Photo/IllutrationThe derailed Puyuma Express in Yilan, Taiwan, on Oct. 22 (Asahi Shimbun file photo)

Rolling stock manufacturer Nippon Sharyo Ltd. said it uncovered a design flaw for a safety device on a train it built that derailed in eastern Taiwan in October, killing 18 people.

“As the cause of the accident is currently under investigation by Taiwanese authorities, we cannot tell if our mistake is linked to the accident,” the Nagoya-based company said on Nov. 1.

The eight-car, high-speed Puyuma Express has a safety device that controls speed and other operations.
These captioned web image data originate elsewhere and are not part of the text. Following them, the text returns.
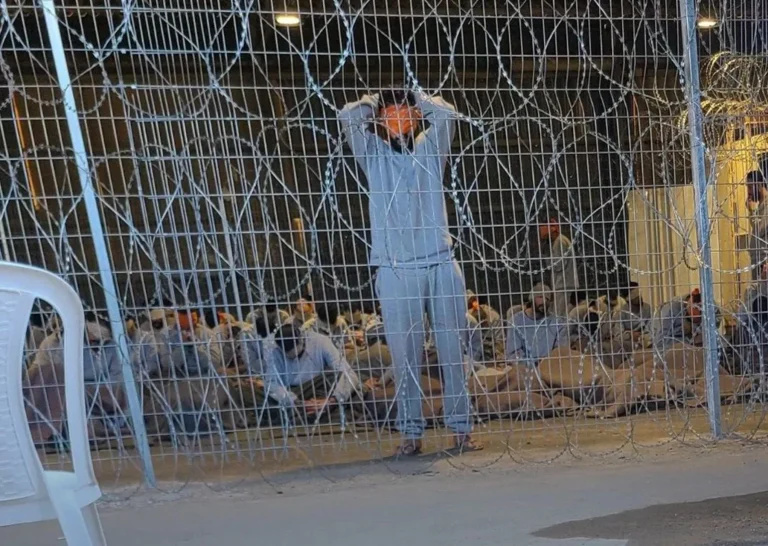 نحو ألفي أسير من غزة يتعرضون للتعذيب في سجون العدو الاسرائيلي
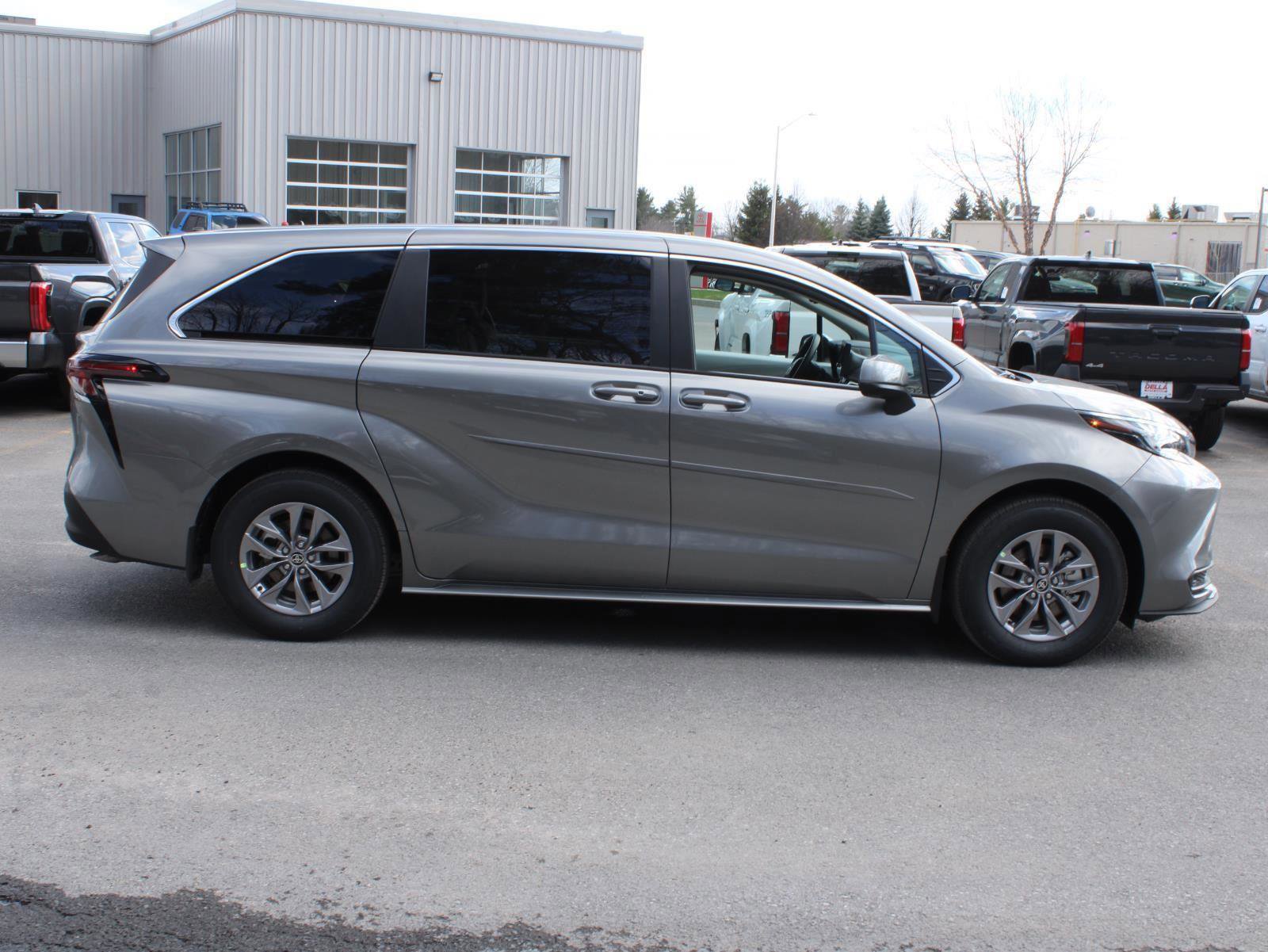 New 2026 Toyota Sienna LE AWD/4WD image 4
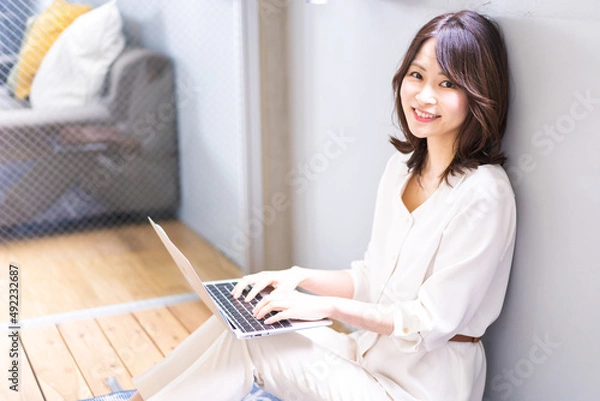 Fototapeta 自宅でパソコンを使う若い女性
If the driver switches this device off, that information is automatically transmitted to railway operation command.

However, the company found that a wiring connection in the crashed train was different from specifications due to a mistake in the design stage, and the automatic alert function didn’t work.

Two days after the Oct. 21 derailment, which injured more than 200 passengers, the Taiwan Railways Administration, the train’s operator, asked Nippon Sharyo to check the train’s automatic alert function.

The train driver has already told Taiwanese prosecutors that he switched off the speed control device about 30 minutes before the accident occurred.

He apparently turned off the device so that he could operate the train manually because there were problems with the train’s power system.

The driver also said railway operation command had given him permission to turn off the device.

The Taiwan Railways Administration, however, denied there was such a report from the driver.

An investigative team of Taiwan’s Executive Yuan said radio records and other evidence indicate that railway operation command, through communications with the driver, knew that the device had been turned off at least three minutes before the accident.

But if there had not been a design flaw, railway operation command could have learned the situation surrounding the train earlier.